## TASK TO CARRY OUT
This exercise calls for retyping every line below exactly, with the images omitted.

## SOURCE MATERIAL
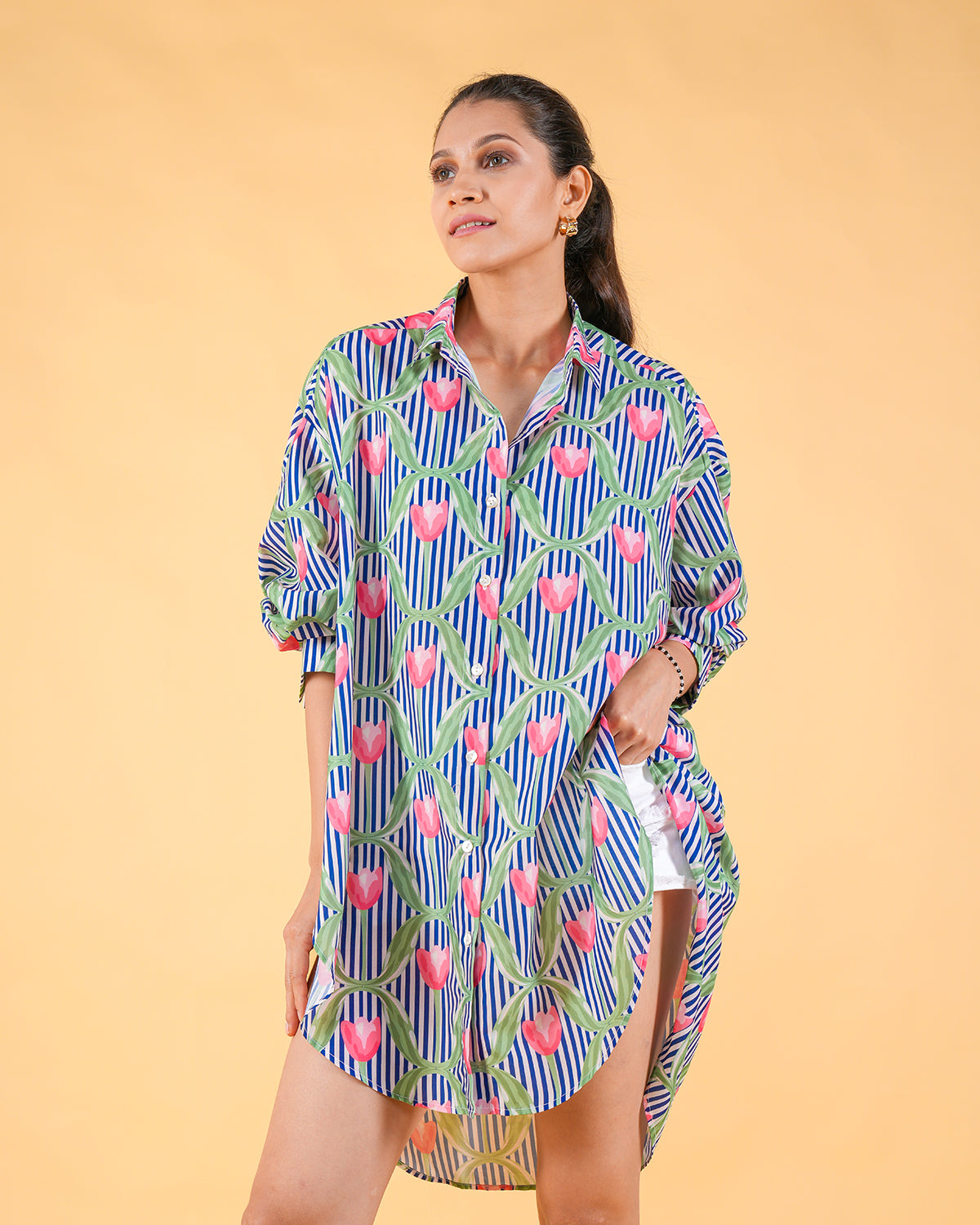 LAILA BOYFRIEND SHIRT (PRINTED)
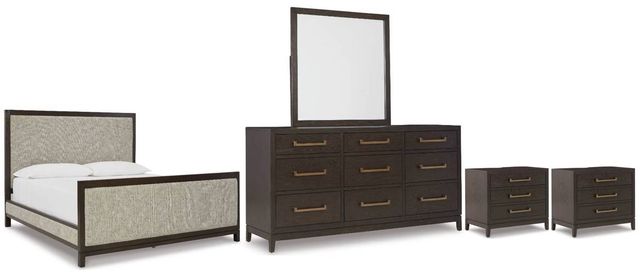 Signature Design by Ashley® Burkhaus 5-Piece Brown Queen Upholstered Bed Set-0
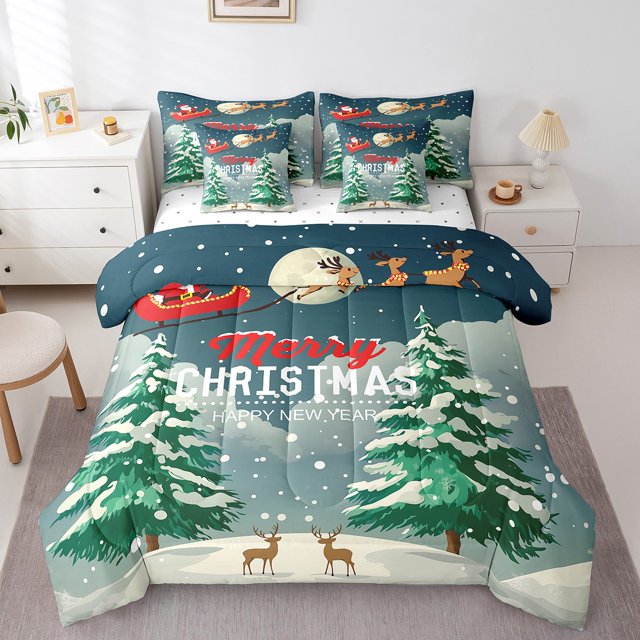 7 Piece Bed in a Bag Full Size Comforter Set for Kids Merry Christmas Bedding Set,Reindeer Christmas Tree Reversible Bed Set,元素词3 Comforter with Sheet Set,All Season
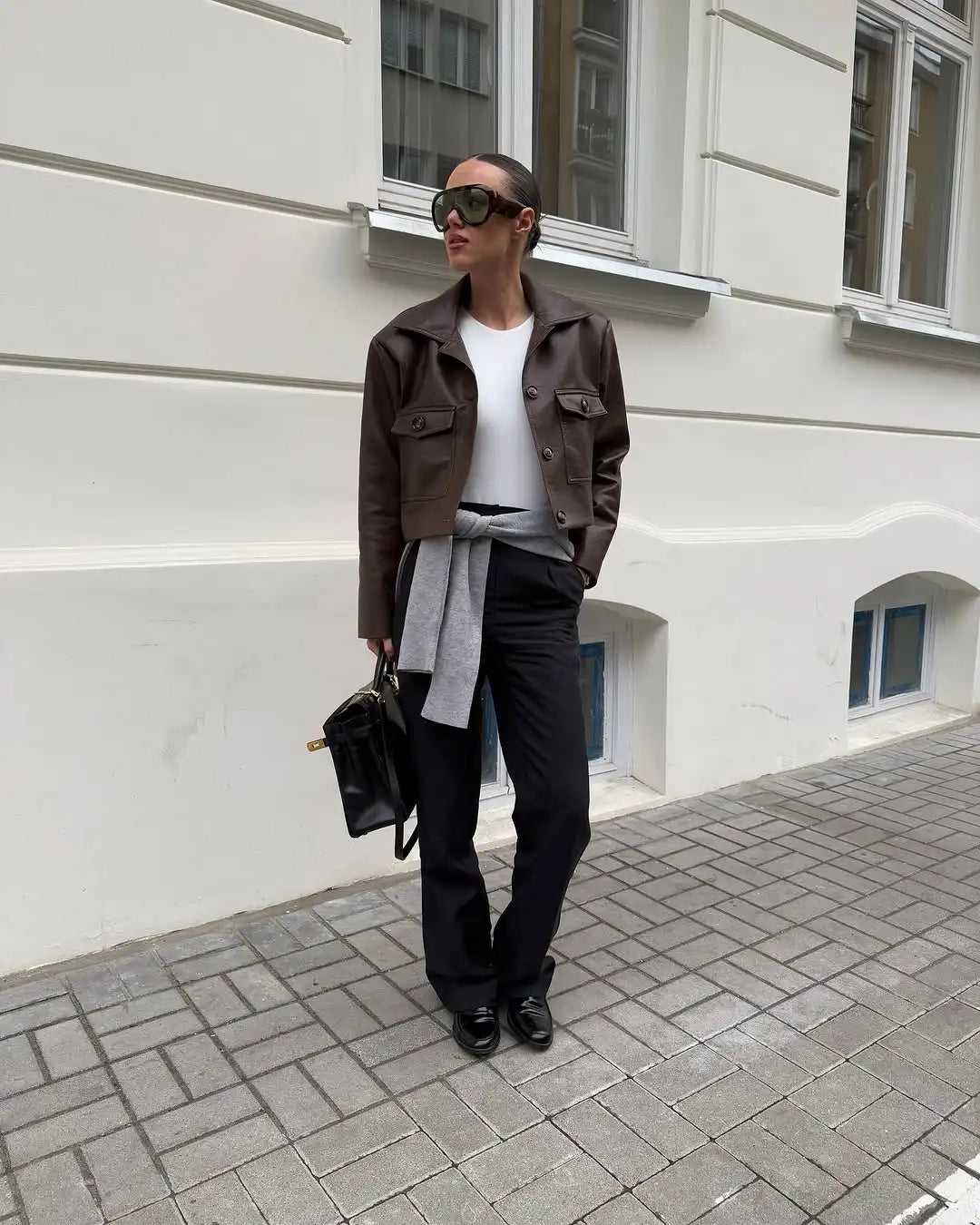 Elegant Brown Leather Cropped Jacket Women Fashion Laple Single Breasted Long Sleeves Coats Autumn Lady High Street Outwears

## TASK OUTPUT
 LAILA BOYFRIEND SHIRT (PRINTED)
 Signature Design by Ashley® Burkhaus 5-Piece Brown Queen Upholstered Bed Set-0
 7 Piece Bed in a Bag Full Size Comforter Set for Kids Merry Christmas Bedding Set,Reindeer Christmas Tree Reversible Bed Set,元素词3 Comforter with Sheet Set,All Season
 Elegant Brown Leather Cropped Jacket Women Fashion Laple Single Breasted Long Sleeves Coats Autumn Lady High Street Outwears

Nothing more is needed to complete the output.